A contrario, d’autres filières sont structurellement beaucoup plus vulnérables à la libéralisation des échanges avec les États-Unis. Je pense tout d’abord, bien évidemment, au secteur bovin, et tout particulièrement au cheptel allaitant. Comme le souligne à juste titre la proposition de résolution, des clauses de sauvegarde semblent indispensables pour ne pas mettre davantage en péril une filière déjà très durement touchée par la crise agricole actuelle.

La revendication de ces nécessaires mécanismes de protection ne doit toutefois pas nous exonérer d’une réflexion profonde sur l’orientation et l’organisation de ces secteurs aujourd’hui vulnérables.

Ceux-ci doivent bien sûr gagner encore en compétitivité, mais ils doivent également repenser leur position sur des marchés marqués par des habitudes de consommation ayant profondément évolué. La France est associée dans le monde à la très haute qualité agroalimentaire. Aux yeux des consommateurs et sur les marchés, cette identité fait l’objet d’une valorisation élevée.

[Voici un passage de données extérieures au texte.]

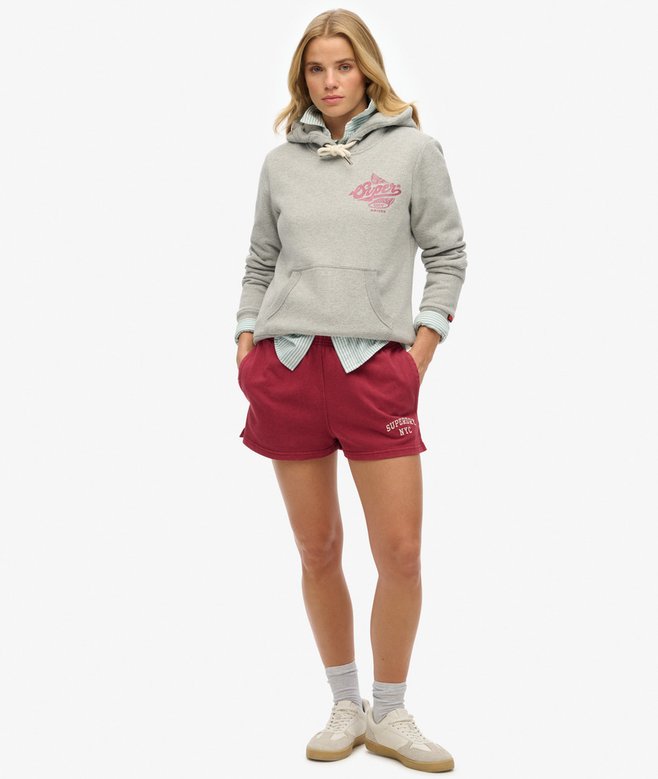 Superdry Sudadera Metalizada Con Capucha Athletic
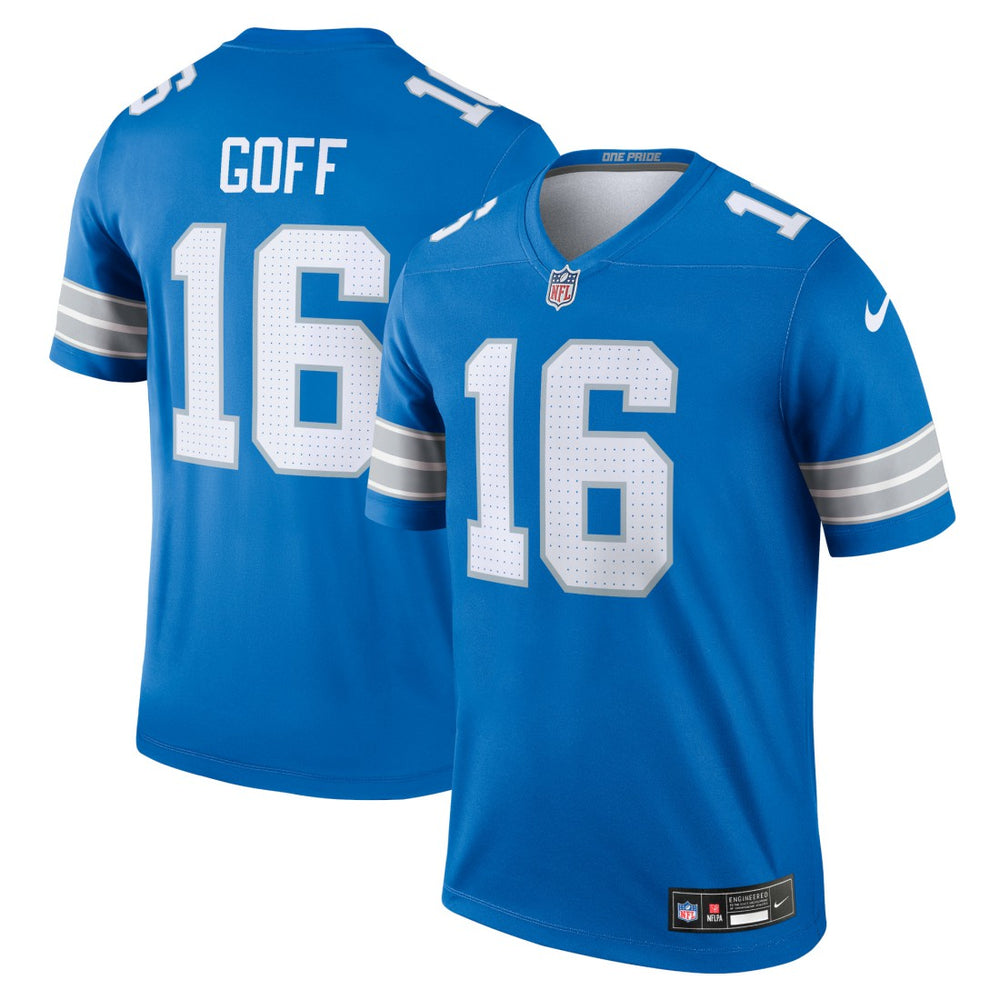 Jared Goff Detroit Lions Legend Player Performance Top Blue | Nike for Sale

Les secteurs aujourd’hui en difficulté doivent s’engager pleinement dans la voie de la très haute qualité. Ils devront également revoir l’organisation de leurs filières, souvent épuisées, notamment pour bâtir des stratégies offensives à l’export, par exemple autour d’une appellation commune clairement identifiable par les consommateurs étrangers.